- _TASK DETAILS_:
When the listing below reaches the line that has "Days Inn & Suites by Wyndham Conroe North", start reproducing exactly; stop after the line that has "tvN '지리산' 제작진은", and drop the pictures.

BEGIN EXTRACTED RECORDS

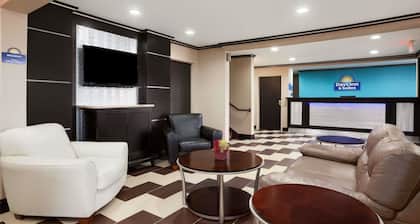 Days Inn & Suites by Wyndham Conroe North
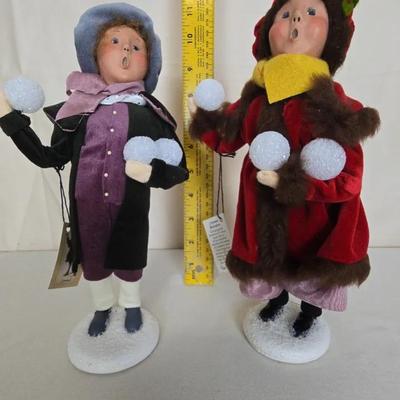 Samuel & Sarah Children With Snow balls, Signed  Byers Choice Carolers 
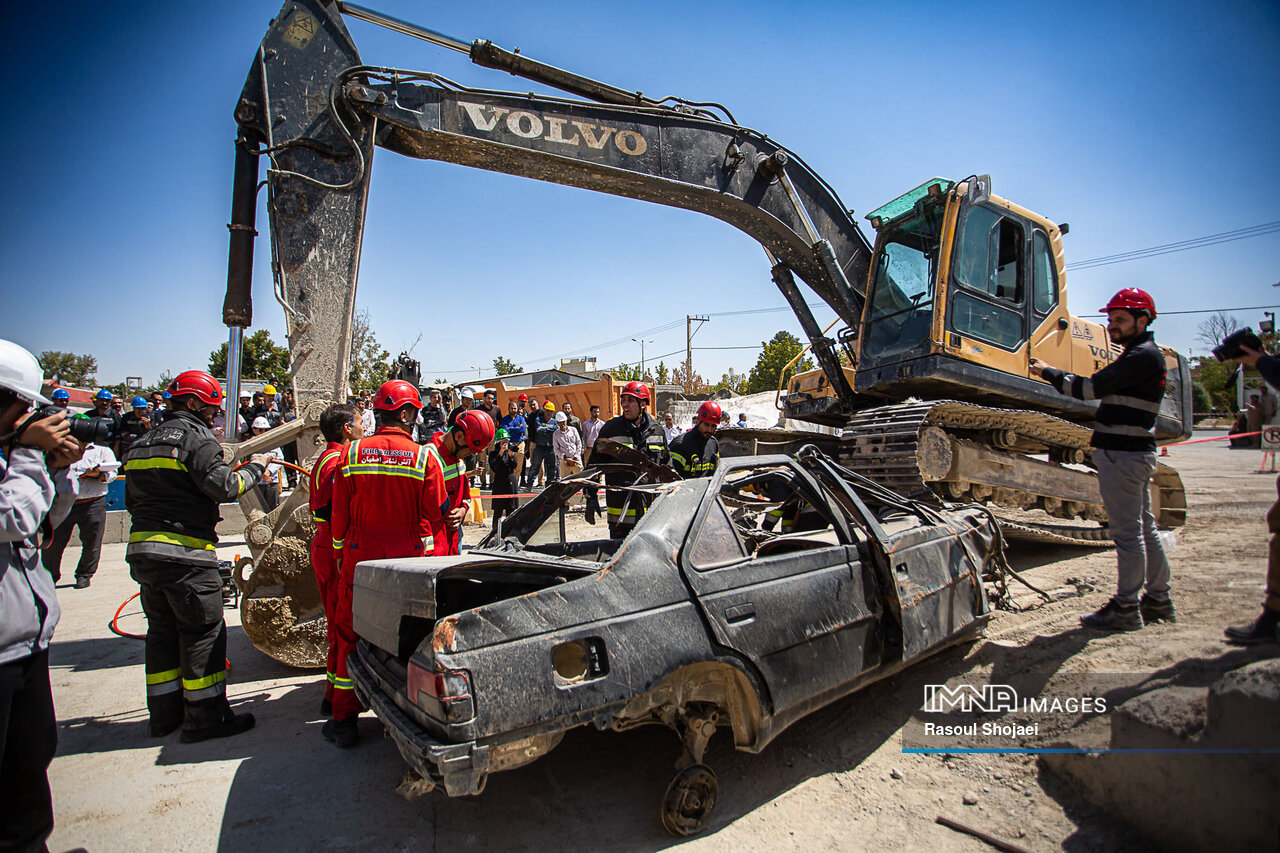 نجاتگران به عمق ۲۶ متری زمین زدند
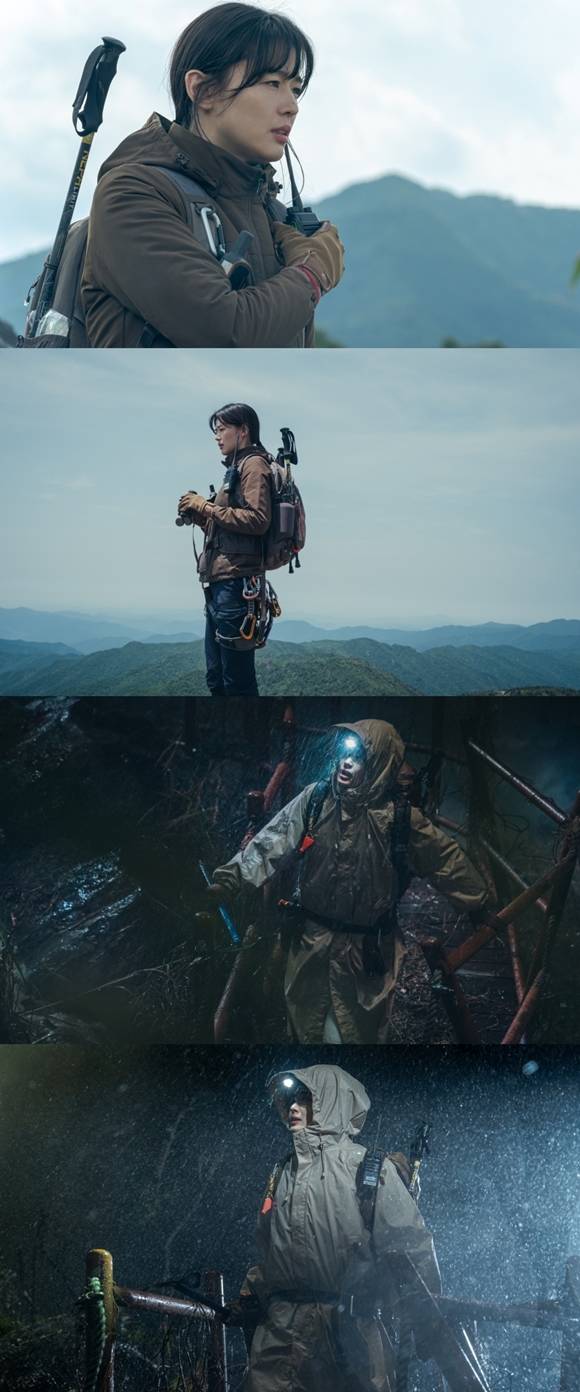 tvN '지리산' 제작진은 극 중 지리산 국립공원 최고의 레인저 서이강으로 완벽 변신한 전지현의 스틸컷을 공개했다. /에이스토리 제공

END EXTRACTED RECORDS
BEGIN EXTRACTED RECORDS

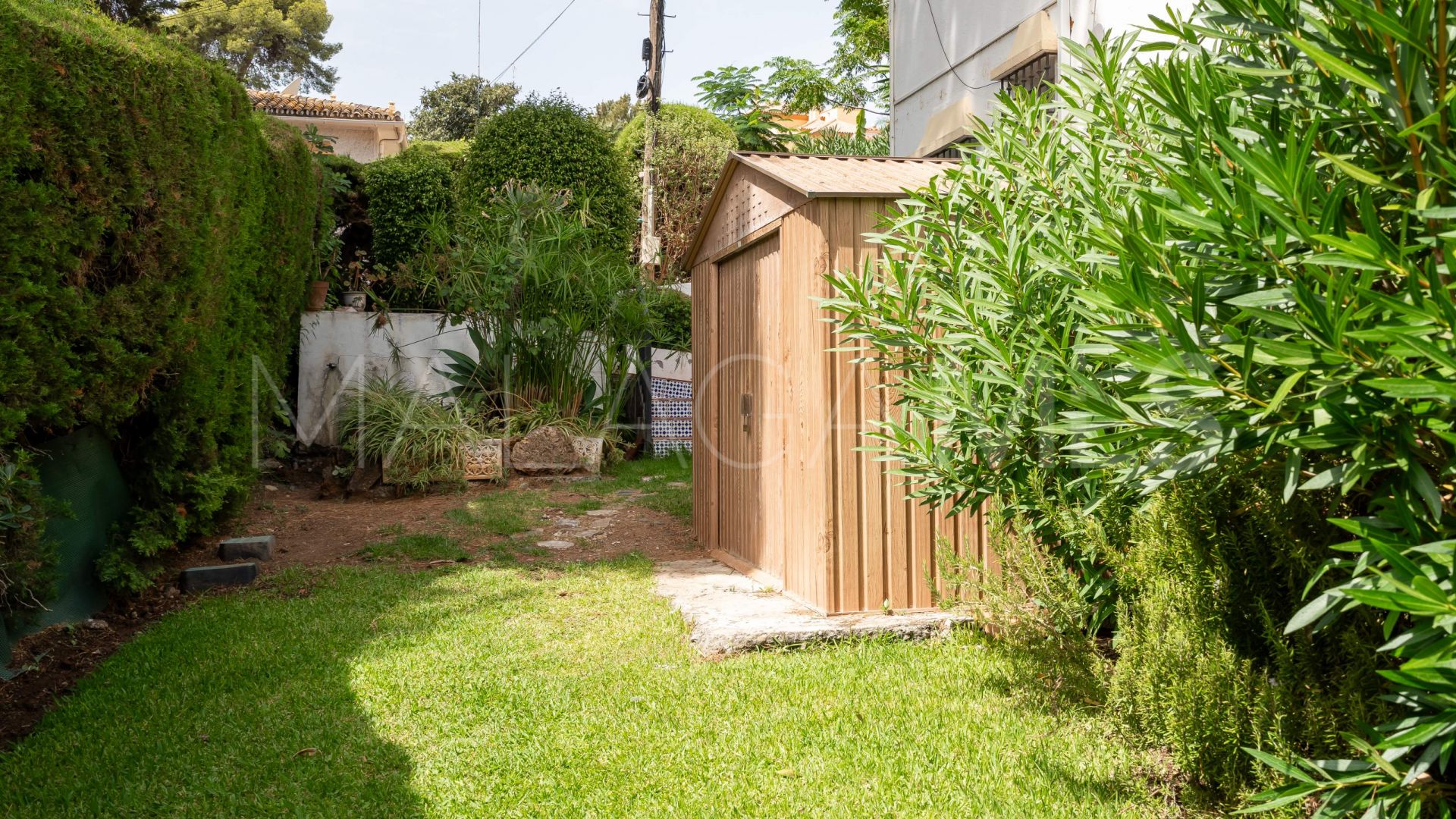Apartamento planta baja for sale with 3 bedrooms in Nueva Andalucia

END EXTRACTED RECORDS

- _SOLUTION_:
 Days Inn & Suites by Wyndham Conroe North
 Samuel & Sarah Children With Snow balls, Signed  Byers Choice Carolers 
 نجاتگران به عمق ۲۶ متری زمین زدند
 tvN '지리산' 제작진은 극 중 지리산 국립공원 최고의 레인저 서이강으로 완벽 변신한 전지현의 스틸컷을 공개했다. /에이스토리 제공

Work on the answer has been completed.